1.0.2 Loan Non Default

  • Definition: Non-default refers to a scenario where the borrower continues to meet all the terms and conditions of the loan agreement without missing payments.
  • Benefits:
    • Credit Health: Maintaining timely payments helps preserve and potentially improve credit scores.
    • Financial Stability: Consistent payments prevent legal actions and additional financial burdens.
    • Access to Credit: Borrowers in good standing are more likely to receive favorable terms on future loans.

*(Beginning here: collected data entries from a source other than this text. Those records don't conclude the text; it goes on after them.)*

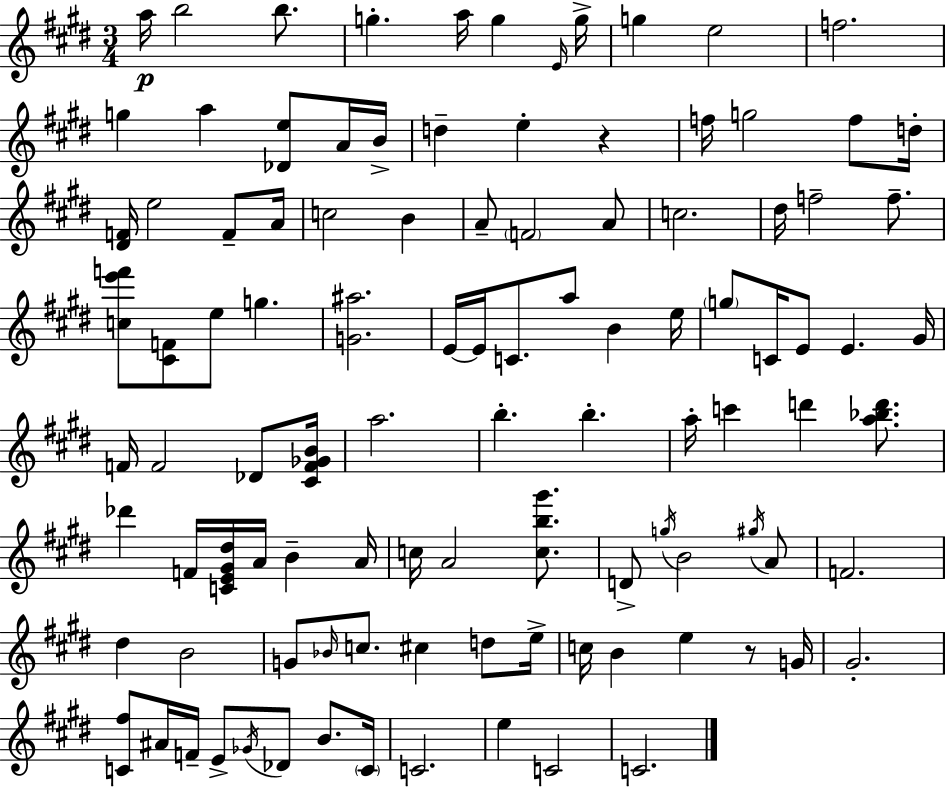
{
  \clef treble
  \numericTimeSignature
  \time 3/4
  \key e \major
  \repeat volta 2 { a''16\p b''2 b''8. | g''4.-. a''16 g''4 \grace { e'16 } | g''16-> g''4 e''2 | f''2. | \break g''4 a''4 <des' e''>8 a'16 | b'16-> d''4-- e''4-. r4 | f''16 g''2 f''8 | d''16-. <dis' f'>16 e''2 f'8-- | \break a'16 c''2 b'4 | a'8-- \parenthesize f'2 a'8 | c''2. | dis''16 f''2-- f''8.-- | \break <c'' e''' f'''>8 <cis' f'>8 e''8 g''4. | <g' ais''>2. | e'16~~ e'16 c'8. a''8 b'4 | e''16 \parenthesize g''8 c'16 e'8 e'4. | \break gis'16 f'16 f'2 des'8 | <cis' f' ges' b'>16 a''2. | b''4.-. b''4.-. | a''16-. c'''4 d'''4 <a'' bes'' d'''>8. | \break des'''4 f'16 <c' e' gis' dis''>16 a'16 b'4-- | a'16 c''16 a'2 <c'' b'' gis'''>8. | d'8-> \acciaccatura { g''16 } b'2 | \acciaccatura { gis''16 } a'8 f'2. | \break dis''4 b'2 | g'8 \grace { bes'16 } c''8. cis''4 | d''8 e''16-> c''16 b'4 e''4 | r8 g'16 gis'2.-. | \break <c' fis''>8 ais'16 f'16-- e'8-> \acciaccatura { ges'16 } des'8 | b'8. \parenthesize c'16 c'2. | e''4 c'2 | c'2. | \break } \bar "|."
}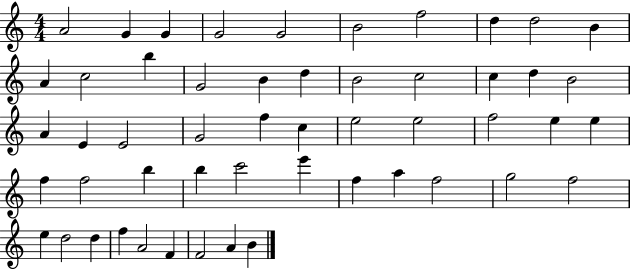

1.1 Importing the neccessary libraries

import pandas as pd
import numpy as np
from sklearn.model_selection import train_test_split
from sklearn.preprocessing import StandardScaler, OneHotEncoder
from sklearn.compose import ColumnTransformer
from sklearn.pipeline import Pipeline
from sklearn.dummy import DummyClassifier
from sklearn.linear_model import LogisticRegression
from sklearn.tree import DecisionTreeClassifier
from sklearn.ensemble import RandomForestClassifier, AdaBoostClassifier
from sklearn.neighbors import KNeighborsClassifier
from sklearn.metrics import accuracy_score, precision_score, recall_score, f1_score, roc_auc_score
from sklearn.metrics import classification_report, confusion_matrix
import matplotlib.pyplot as plt
import seaborn as sns

1.2 Loading the Data

df = pd.read_csv('credit_risk_dataset.csv')
df.head()

1.3 Dealing with the missing values

# Display basic information about the dataframe
df.info()
# Check for missing values
df.isnull().sum()

It seems that there are missing values in loan_int_rate and person_emp_length

1.4 Numerical Descriptive Statistics